Now, to explain the code. The calculation of the x values (variable random, the cumulative proportion of observations or weights) and y values (variable Lorentz, the cumulative proportion of the response, the good's/1's or positive values) are straightforward. To calculate the area between the Lorentz curve and the diagonal line, one could use the trapezoidal rule to calculate the area between the Lorentz curve and x-axis and then subtract the area of the lower triangle (1/2):

\[ \begin{align} Gini &= \sum_{i=1}^{n} (x_{i} - x_{i-1}) \left[\frac{L(x_{i}) + L(x_{i-1})}{2}\right] - \frac{1}{2} \\ &= \frac{1}{2} \sum_{i=1}^{n} \left[ L(x_{i})x_{i} + L(x_{i-1})x_{i} - L(x_{i})x_{i-1} - L(x_{i-1})x_{i-1} \right] - \frac{1}{2} \\ &= \frac{1}{2} \sum_{i=1}^{n} \left[ L(x_{i})x_{i} - L(x_{i-1})x_{i-1} \right] + \frac{1}{2} \sum_{i=1}^{n} \left[ L(x_{i-1})x_{i} - L(x_{i})x_{i-1} \right] - \frac{1}{2} \\ &= \frac{1}{2} L(x_{n})x_{n} + \frac{1}{2} \sum_{i=1}^{n} \left[ L(x_{i-1})x_{i} - L(x_{i}) x_{i-1} \right] - \frac{1}{2} \\ &= \frac{1}{2} \sum_{i=1}^{n} \left[ L(x_{i-1})x_{i} - L(x_{i}) x_{i-1} \right] \end{align} \] where the last equality comes from the fact that $L(x_{n}) = x_{n} = 1$ for the Lorentz curve/gains chart. The remaining summation thus corresponds to sum(df$Lorentz[-1]*df$random[-n]) - sum(df$Lorentz[-n]*df$random[-1]) inside the WeightedGini function since the $i=1$ term in the summation is 0 ($x_i=0$ and $L(x_{0})=0$ for the Lorentz curve), yielding $n-1$ terms in the code.

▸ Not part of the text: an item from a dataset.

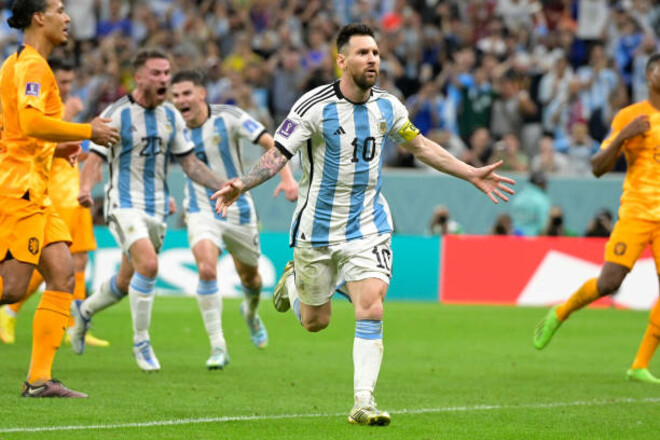 ФОТО. Как Аргентина с боем одолела Нидерланды в 1/4 финала ЧМ-2022
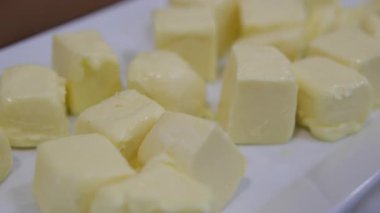 Beyaz desenli masa üzerinde taze tereyağı parçaları, yakın plan. Mesaj için yer var. Yüksek kalite fotoğraf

For the unweighted case, applying the trapezoidal rule on the area between the Lorentz curve and the diagonal line yields:

\[ \begin{align} Gini &= \sum_{i=1}^{n} \frac{1}{n} \frac{\left[ L(x_{i}) - x_{i} \right] - \left[ L(x_{i-1}) - x_{i-1} \right] }{2} \\ &= \frac{1}{2n} \sum_{i=1}^{n} \left[ L(x_{i}) - x_{i} \right] + \frac{1}{2n} \sum_{i=1}^{n} \left[ L(x_{i-1}) - x_{i-1} \right] \\ &= \frac{1}{2n} \sum_{i=1}^{n} \left[ L(x_{i}) - x_{i} \right] + \frac{1}{2n} [L(x_{0}) - x_{0}] + \frac{1}{2n} \sum_{i=1}^{n-1} \left[ L(x_{i}) - x_{i} \right] \\ &= \frac{1}{2n} \sum_{i=1}^{n} \left[ L(x_{i}) - x_{i} \right] + \frac{1}{2n} [L(x_{0}) - x_{0}] + \frac{1}{2n} \sum_{i=1}^{n-1} \left[ L(x_{i}) - x_{i} \right] + \frac{1}{2n} [L(x_{n}) - x_{n}] \\ &= \frac{1}{2n} \sum_{i=1}^{n} \left[ L(x_{i}) - x_{i} \right] + \frac{1}{2n} [L(x_{0}) - x_{0}] + \frac{1}{2n} \sum_{i=1}^{n} \left[ L(x_{i}) - x_{i} \right] \\ &= \frac{1}{n} \sum_{i=1}^{n} \left[ L(x_{i}) - x_{i} \right] \end{align} \] where we repeatedly used the fact that $L(x_{0}) = x_{0} = 0$ and $L(x_{n}) = x_{n} = 1$ for a Lorentz curve and that $1/n$ is the width between points (change in cdf of the observations). The summation is what is returned by SumModelGini.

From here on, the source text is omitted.